▶ [Requirement] A verbatim copy of the listing is needed; pictures are to be left out.

▶ [Provided data]
•••

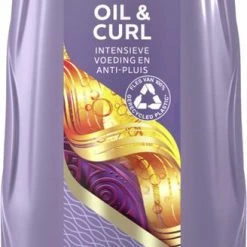 Groothandel π Andrélon Special Oil & Curl Conditioner - 6 X 300 Ml - Voordeelverpakking π 19 Groothandel π Andrélon Special Oil & Curl Conditioner - 6 X 300 Ml - Voordeelverpakking π -La Roche Shop 328x840 1
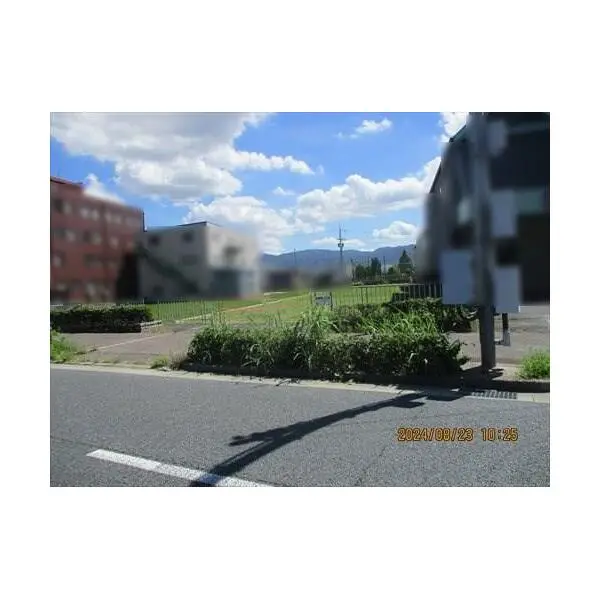 東大阪市若江南町５丁目 その他画像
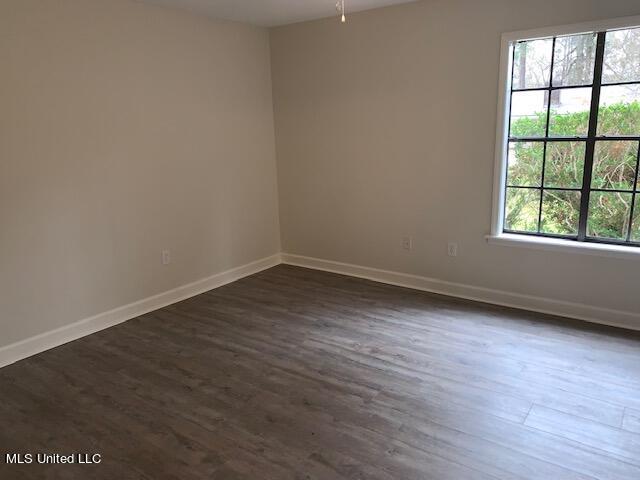 409 Turtle Creek Drive Brandon, MS 39047 - Photo 12 of 22 IMG_7082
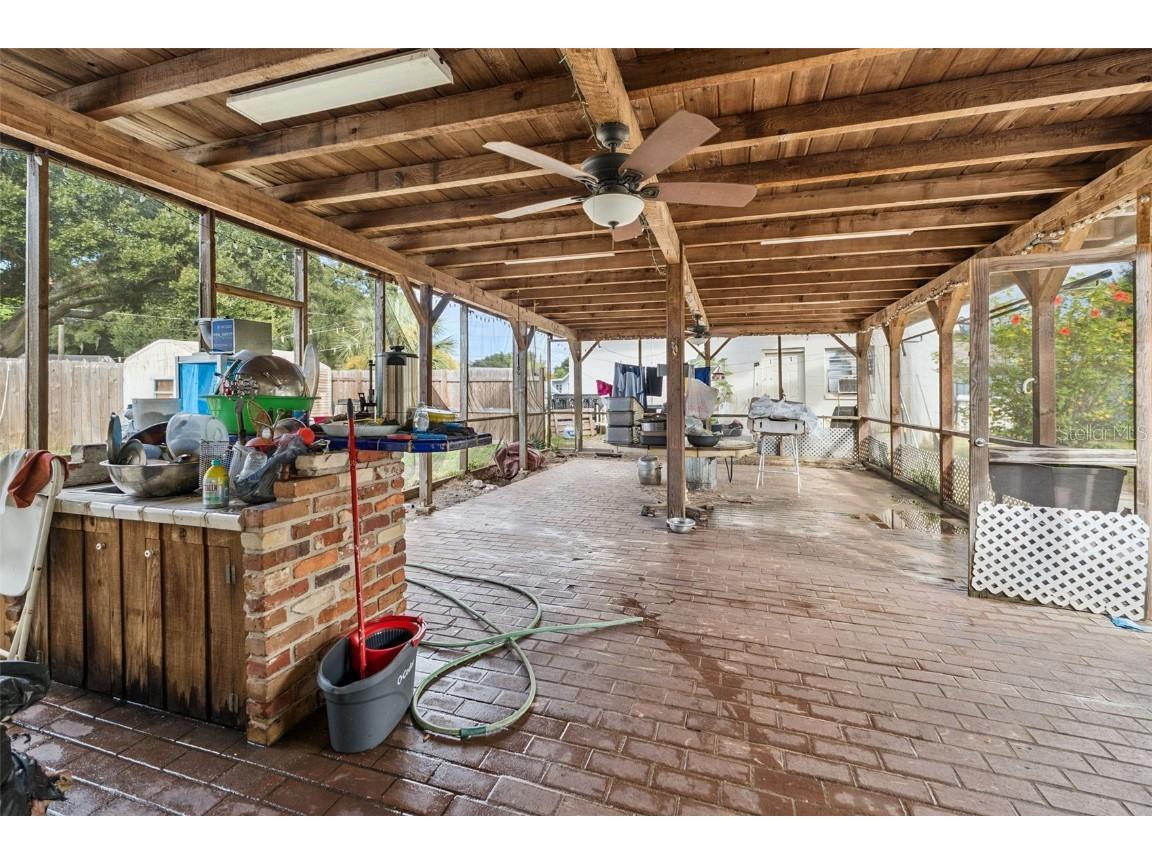 116 Hampden Road Winter Haven FL 33884 S5137660 image13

•••

▶ [Completed task]
 Groothandel π Andrélon Special Oil & Curl Conditioner - 6 X 300 Ml - Voordeelverpakking π 19 Groothandel π Andrélon Special Oil & Curl Conditioner - 6 X 300 Ml - Voordeelverpakking π -La Roche Shop 328x840 1
 東大阪市若江南町５丁目 その他画像
 409 Turtle Creek Drive Brandon, MS 39047 - Photo 12 of 22 IMG_7082
 116 Hampden Road Winter Haven FL 33884 S5137660 image13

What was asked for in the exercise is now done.